The salary gap is still pummeling working women, and particularly those who are heads of family like many Hispanics, according to the latest report by the National Partnership for Women & Families (NPWF).
The report, based on U.S. Census data, calculated the differences in average salaries among men and women who work full time in each of the 50 states.
In Florida, women earn 87 cents for each dollar earned by a man, a difference of $5,515 per year. But for a Latina woman in Florida, the picture is worse. A Hispanic woman earns only 60 cents for each dollar earned by a white non-Hispanic male, a gap of $20,380 per year, on average, in the state.
"If that salary gap is eliminated, Latinas in Florida could pay for 34 additional months of child care or more than 14 months of a health insurance offered by employers," Jessica Mason, a senior analyst with the NPWF, told el Nuevo Herald.
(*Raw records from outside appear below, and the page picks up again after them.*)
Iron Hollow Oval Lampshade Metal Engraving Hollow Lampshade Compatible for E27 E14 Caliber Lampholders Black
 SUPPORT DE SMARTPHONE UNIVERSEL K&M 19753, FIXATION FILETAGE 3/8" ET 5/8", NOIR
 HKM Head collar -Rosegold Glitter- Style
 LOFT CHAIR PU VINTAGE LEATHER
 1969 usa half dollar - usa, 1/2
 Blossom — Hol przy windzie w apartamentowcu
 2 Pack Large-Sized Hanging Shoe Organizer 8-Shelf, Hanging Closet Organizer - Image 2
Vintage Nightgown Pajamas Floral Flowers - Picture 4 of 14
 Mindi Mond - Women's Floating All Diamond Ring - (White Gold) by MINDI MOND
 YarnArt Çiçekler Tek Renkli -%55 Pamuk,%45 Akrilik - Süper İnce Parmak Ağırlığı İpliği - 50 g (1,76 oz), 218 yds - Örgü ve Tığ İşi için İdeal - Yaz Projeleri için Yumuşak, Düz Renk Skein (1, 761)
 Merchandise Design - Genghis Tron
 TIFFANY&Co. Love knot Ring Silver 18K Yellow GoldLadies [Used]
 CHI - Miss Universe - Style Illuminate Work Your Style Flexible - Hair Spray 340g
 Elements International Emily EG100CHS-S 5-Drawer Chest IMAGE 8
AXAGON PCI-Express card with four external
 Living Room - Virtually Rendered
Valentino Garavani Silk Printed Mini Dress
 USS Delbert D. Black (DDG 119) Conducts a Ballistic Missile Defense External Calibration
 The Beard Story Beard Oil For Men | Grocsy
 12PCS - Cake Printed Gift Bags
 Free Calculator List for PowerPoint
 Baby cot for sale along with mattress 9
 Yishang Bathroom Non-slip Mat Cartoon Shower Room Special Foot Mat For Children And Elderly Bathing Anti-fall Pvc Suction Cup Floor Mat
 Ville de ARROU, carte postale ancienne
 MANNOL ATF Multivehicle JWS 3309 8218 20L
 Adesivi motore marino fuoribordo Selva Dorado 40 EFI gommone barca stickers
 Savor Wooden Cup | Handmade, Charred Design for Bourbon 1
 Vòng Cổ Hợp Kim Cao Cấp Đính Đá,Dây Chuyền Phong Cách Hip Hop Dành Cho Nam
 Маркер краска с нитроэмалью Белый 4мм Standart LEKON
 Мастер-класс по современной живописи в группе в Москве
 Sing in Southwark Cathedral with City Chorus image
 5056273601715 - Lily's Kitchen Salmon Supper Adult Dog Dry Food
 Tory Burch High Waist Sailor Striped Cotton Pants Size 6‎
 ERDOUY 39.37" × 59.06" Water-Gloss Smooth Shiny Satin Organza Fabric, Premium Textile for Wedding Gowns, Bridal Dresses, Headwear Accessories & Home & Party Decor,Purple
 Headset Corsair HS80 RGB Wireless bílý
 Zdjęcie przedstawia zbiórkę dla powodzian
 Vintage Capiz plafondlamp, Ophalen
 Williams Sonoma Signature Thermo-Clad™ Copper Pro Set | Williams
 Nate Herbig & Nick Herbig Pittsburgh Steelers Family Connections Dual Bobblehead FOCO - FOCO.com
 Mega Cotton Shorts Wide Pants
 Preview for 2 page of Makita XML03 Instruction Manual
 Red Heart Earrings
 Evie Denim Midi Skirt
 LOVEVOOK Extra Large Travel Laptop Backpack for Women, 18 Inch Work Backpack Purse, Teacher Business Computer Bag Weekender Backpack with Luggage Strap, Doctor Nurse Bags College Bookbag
Mason said the gap is the result of factors such as racial and gender discrimination, workplace harassment, job segregation and a lack of workplace policies that support family caregiving.
The results of the study were published April 1, on the eve of Equal Pay Day, established in 1996 by the National Committee on Pay Equity (NCPE). The date changes from year to year, and the 2019 date was set for April 2 because that's how far into the year women must have worked to earn what men earned in 2018.